**INPUT DATA**
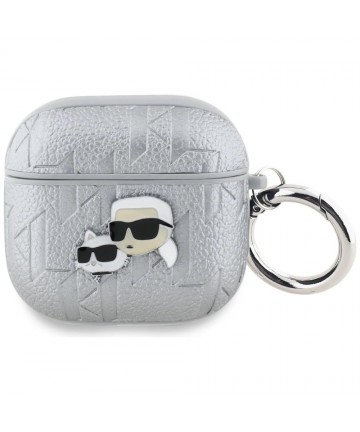 Karl Lagerfeld Monogram Karl & Choupette Head case for AirPods 4 - silver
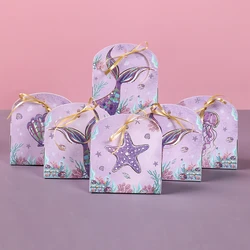 Mermaid Candy Box Under The Sea Theme Little Mermaid Tail Birthday Party Decoration Kids Favors Gift Girl Baby Shower Supplies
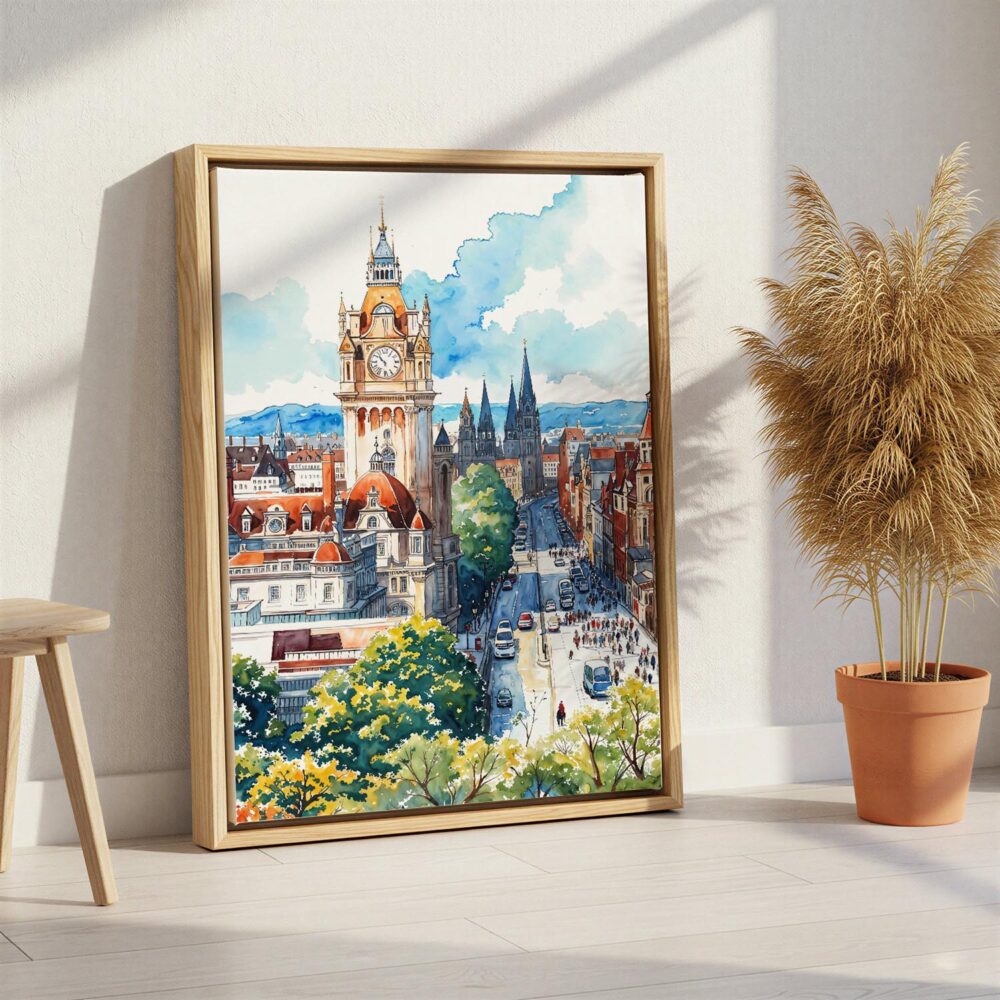 05 - Edinburgh Skyline Watercolor Canvas Print with Natural Floater Frame - Standing on Floor - Vertical.jpg 05 - Edinburgh Skyline Watercolor Canvas Print with Natural Floater Frame - Standing on Floor - Vertical.jpg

**TASK ITEM**
Restate the material word for word from its first line through the line containing "Mermaid Candy Box", both included; the pictures do not belong in it.

**RESPONSE TO THIS TASK**
 Karl Lagerfeld Monogram Karl & Choupette Head case for AirPods 4 - silver
 Mermaid Candy Box Under The Sea Theme Little Mermaid Tail Birthday Party Decoration Kids Favors Gift Girl Baby Shower Supplies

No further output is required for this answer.